A Room with a View Art and Culture Quotes

How we cite our quotes: Citations follow this format: (Chapter.Paragraph)

Quote #4

She was no dazzling executante; her runs were not at all like strings of pearls, and she struck no more right notes than was suitable for one of her age and situation. Nor was she the passionate young lady, who performs so tragically on a summer's evening with the window open. Passion was there, but it could not be easily labelled; it slipped between love and hatred and jealousy, and all the furniture of the pictorial style. And she was tragical only in the sense that she was great, for she loved to play on the side of Victory. Victory of what and over what—that is more than the words of daily life can tell us.
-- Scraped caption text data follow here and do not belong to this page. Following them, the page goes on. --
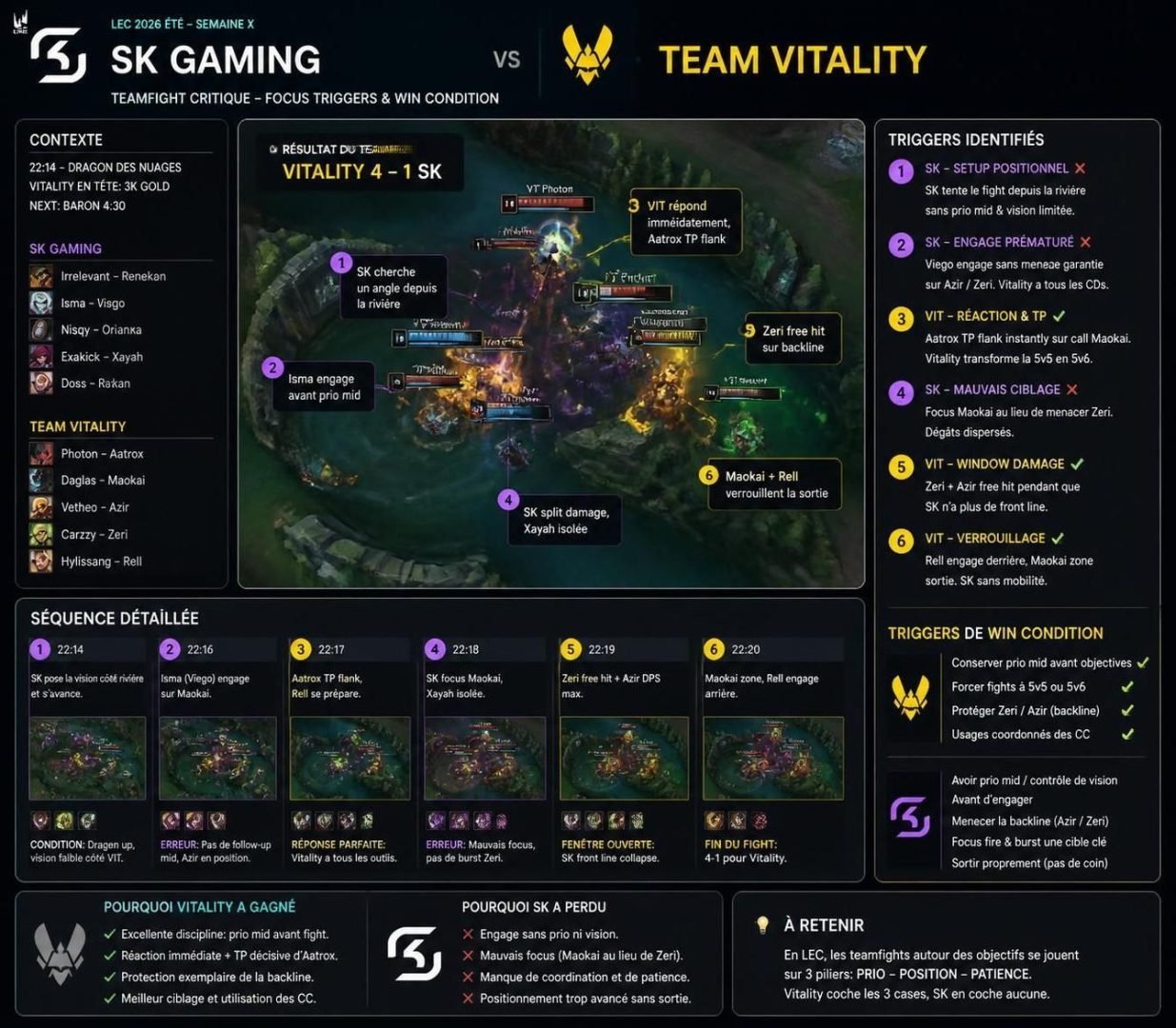 découvrez notre pronostic détaillé pour le match sk gaming vs team vitality en league of legends esport lec du 10 août 2026. analyse des équipes, statistiques et conseils pour parier.
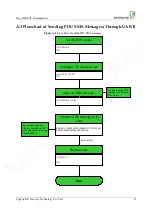 Preview for 105 page of Neoway M660 At Command Manual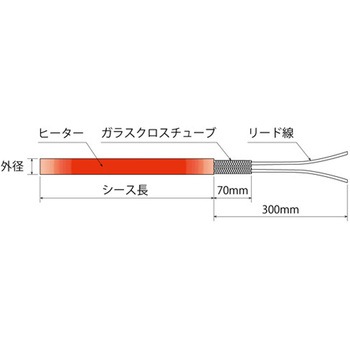 カートリッジヒーター「HI-SDロッド」 坂口電熱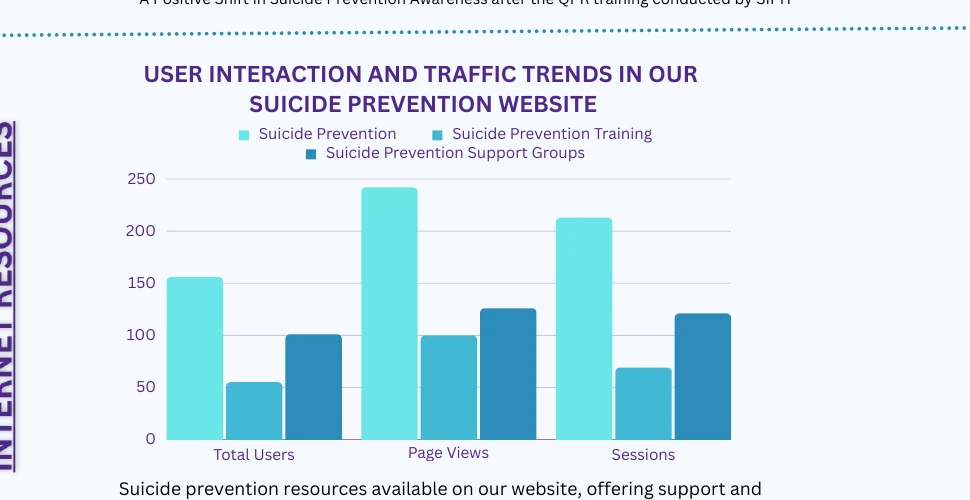 User interaction and traffic trends in suicide prevention website pages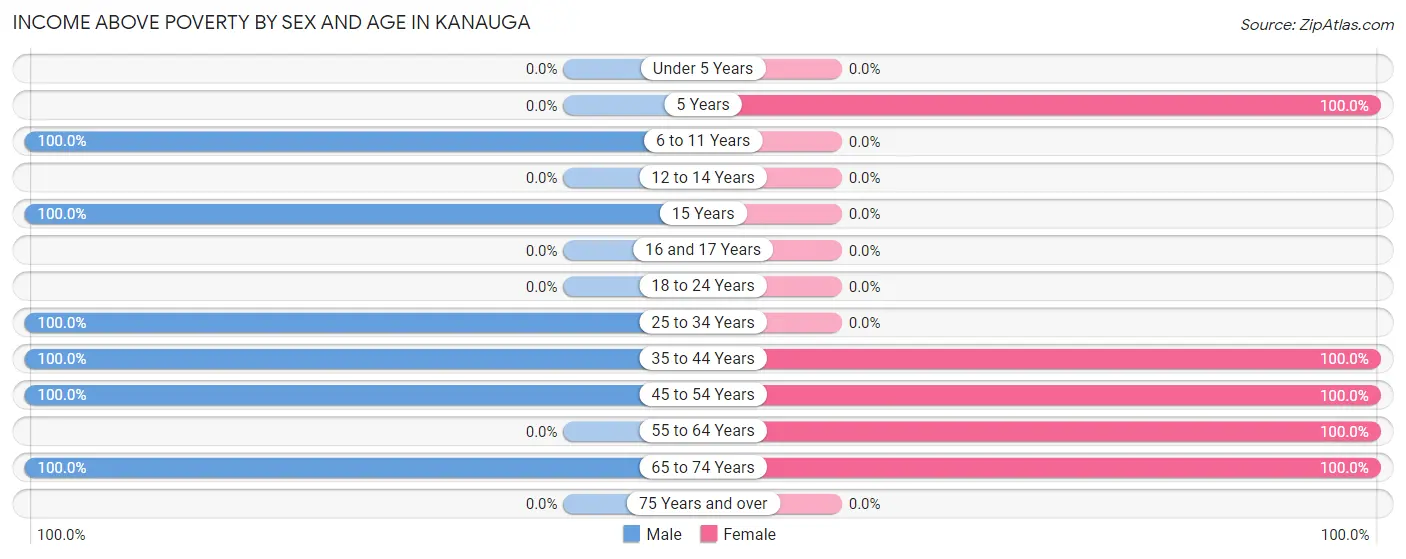 Income Above Poverty by Sex and Age in Kanauga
But that some sonatas of Beethoven are written tragic no one can gainsay; yet they can triumph or despair as the player decides, and Lucy had decided that they should triumph (3.2).

Here we catch our first real glimpse of what Lucy is really like in her heart of hearts. Music is her only outlet for the feelings she usually hides beneath a shell of politeness; we can see from this dramatic passage of description that she’s got a lot beneath the surface.

Quote #5

For her taste was catholic, and she extended uncritical approval to every well-known name (4.5).

This little one-liner, easily overlooked, is a sarcastic poke by Forster at the stereotypically bourgeois habit of admiring only things that are widely acknowledged as admirable. Nota bene: “catholic” in this sense doesn’t mean Catholic, as in the Church (though that does kind of apply, since the art Lucy’s looking at is religious). Instead, “catholic” means broad and open.

Quote #6

“No, I want to be really truthful. I am a little to blame. I had silly thoughts. The sky, you know, was gold, and the ground all blue, and for a moment he looked like some one in a book.”

“In a book?”

“Heroes—gods—the nonsense of schoolgirls” (7.27-9).

George, the subject of this discussion, is compared to a hero or god of antiquity, which casts him in a dashingly romantic light. Oh, be still our beating hearts!